Your instructions →
Leave every image out, and print the remaining lines below exactly.

Dataset extract →
==*==

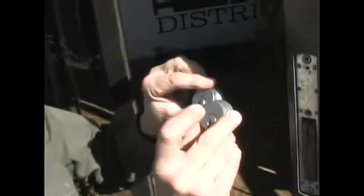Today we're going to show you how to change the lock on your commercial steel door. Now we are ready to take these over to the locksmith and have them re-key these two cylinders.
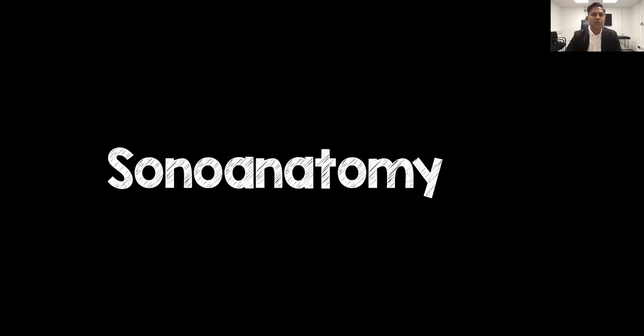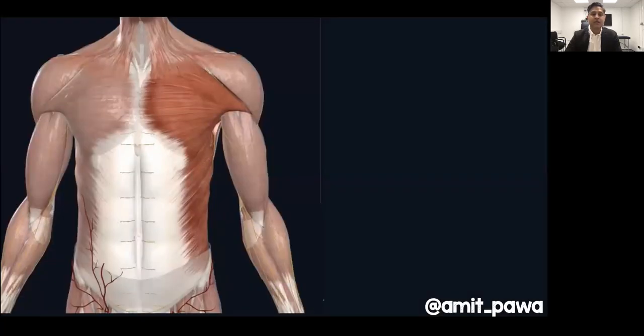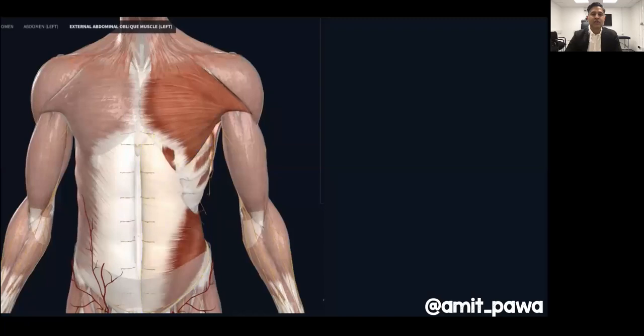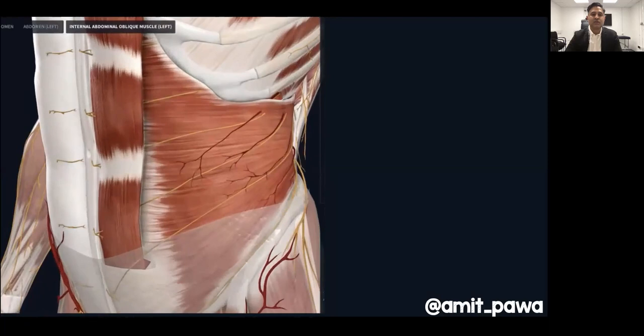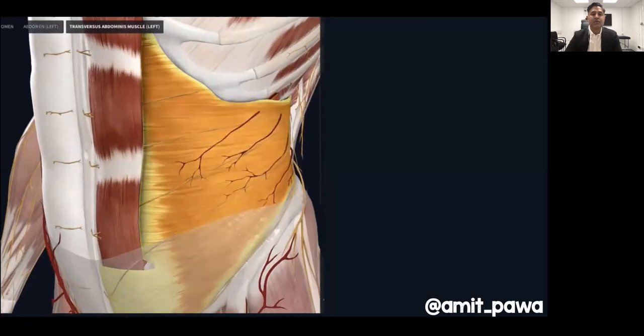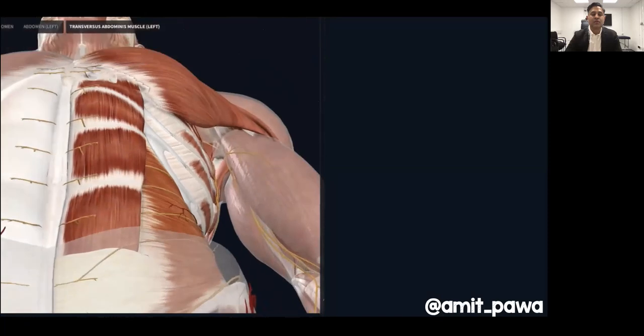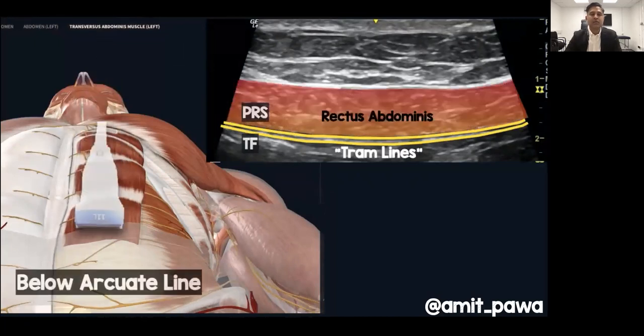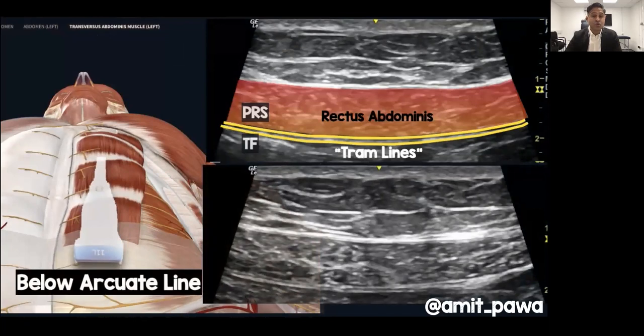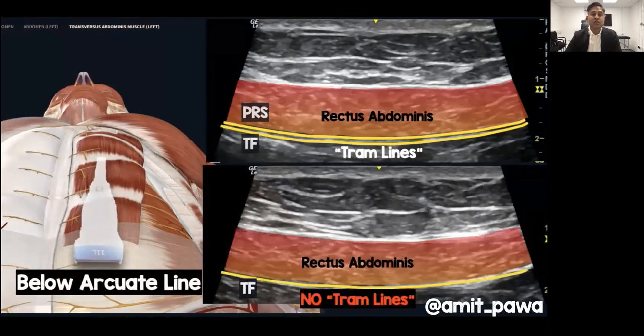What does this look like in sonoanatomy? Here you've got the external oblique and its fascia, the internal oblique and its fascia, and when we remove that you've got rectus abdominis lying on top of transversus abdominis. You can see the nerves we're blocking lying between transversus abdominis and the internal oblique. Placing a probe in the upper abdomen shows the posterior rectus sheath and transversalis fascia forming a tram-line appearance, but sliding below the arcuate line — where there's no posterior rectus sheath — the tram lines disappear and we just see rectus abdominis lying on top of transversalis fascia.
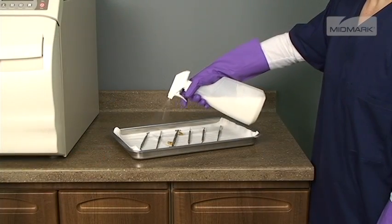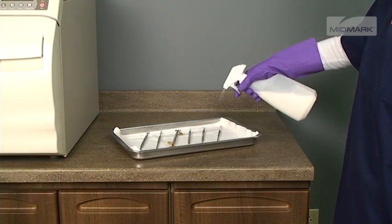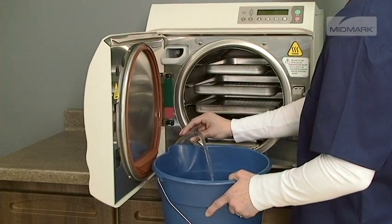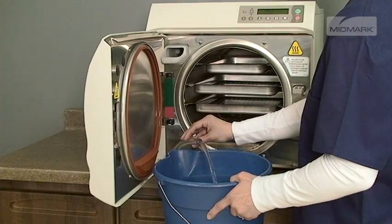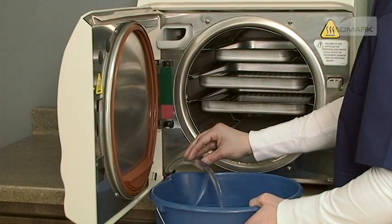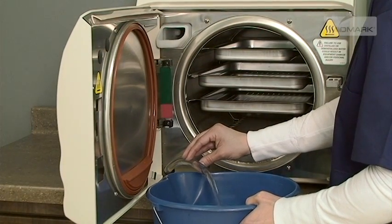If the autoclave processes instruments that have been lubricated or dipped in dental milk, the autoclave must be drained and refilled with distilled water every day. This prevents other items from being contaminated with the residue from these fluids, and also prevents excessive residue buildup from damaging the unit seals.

==*==

Reply →
Today we're going to show you how to change the lock on your commercial steel door. Now we are ready to take these over to the locksmith and have them re-key these two cylinders.
What does this look like in sonoanatomy? Here you've got the external oblique and its fascia, the internal oblique and its fascia, and when we remove that you've got rectus abdominis lying on top of transversus abdominis. You can see the nerves we're blocking lying between transversus abdominis and the internal oblique. Placing a probe in the upper abdomen shows the posterior rectus sheath and transversalis fascia forming a tram-line appearance, but sliding below the arcuate line — where there's no posterior rectus sheath — the tram lines disappear and we just see rectus abdominis lying on top of transversalis fascia.
If the autoclave processes instruments that have been lubricated or dipped in dental milk, the autoclave must be drained and refilled with distilled water every day. This prevents other items from being contaminated with the residue from these fluids, and also prevents excessive residue buildup from damaging the unit seals.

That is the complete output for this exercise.